Start of Dataset excerpts
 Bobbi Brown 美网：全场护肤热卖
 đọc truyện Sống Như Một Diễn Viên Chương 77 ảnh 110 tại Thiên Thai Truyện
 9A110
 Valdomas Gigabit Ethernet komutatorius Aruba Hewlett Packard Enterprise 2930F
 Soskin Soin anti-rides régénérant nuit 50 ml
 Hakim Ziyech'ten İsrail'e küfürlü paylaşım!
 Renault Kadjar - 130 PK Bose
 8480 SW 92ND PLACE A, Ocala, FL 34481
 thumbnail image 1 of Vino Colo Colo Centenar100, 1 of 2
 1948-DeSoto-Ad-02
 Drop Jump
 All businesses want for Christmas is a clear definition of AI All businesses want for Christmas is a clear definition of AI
End of Dataset excerpts
About this task
Starting at the line that contains "1948-DeSoto-Ad-02", transcribe every line through the last line of the entries above, exactly, and nothing else.

Solution
 1948-DeSoto-Ad-02
 Drop Jump
 All businesses want for Christmas is a clear definition of AI All businesses want for Christmas is a clear definition of AI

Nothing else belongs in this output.